San Francisco’s anti-Airbnb measure (F) went down last night. So did another ballot measure (I) that would have put a moratorium on the construction of new housing in the Mission. The commentators on KQED this morning were calling it a failure for the progressives and a win for Airbnb, which spent millions to stop F.
Eh, maybe. I like to think of it as perhaps the electorate realizing that in general ballot measures are blunt tools that tend to offer simple (and wrong) answers to complex problems. Sometimes those answers directly benefit the individuals or organizations that sponsored the measure, at the expense of everyone else.
I’m not saying that the housing situation in SF is great and does not need to be addressed. It does, but I don’t think I know how to address it, and those measures certainly were half-cooked. I’m not even opposed to trying out half-cooked ideas when a situation is dire. But I’d like to see those experiments tried out by city councils and state legislatures that can, you know, augment, amplify, or reverse them as results come in.
Of course, legislative bodies often don’t act fast enough or decisively enough for many of us. It’s worth taxonomizing why that might be:
- the legislators do not care
- the legislators are bought off by bad guys
- the legislators think other issues must take precedence
- the legislators do not understand an issue well enough to craft a solution (note: they have staffs and experts at their disposal. What do you know that they do not?)
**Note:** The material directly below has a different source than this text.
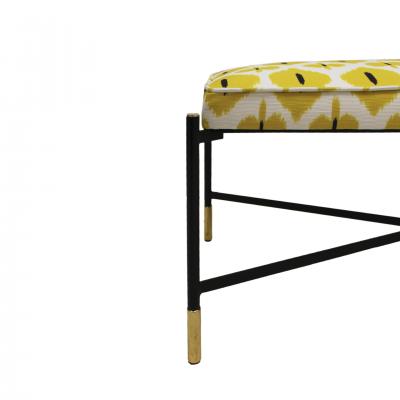 Modern Black Lacquered Iron and Patterned Fabric 1970s Italian Stool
- legislators believe that something you think is a problem is not actually a problem
- legislators consider factors about which you don’t care
- none of the proposed solutions could garner a majority
We could go on, but I guess my point is that the initiative process was designed to deal with a legislature that seemed to be at odds with the electorate. Seemed is a strong word. There was good evidence it was so. But more often, I think some of those other explanations are in play, and vote accordingly.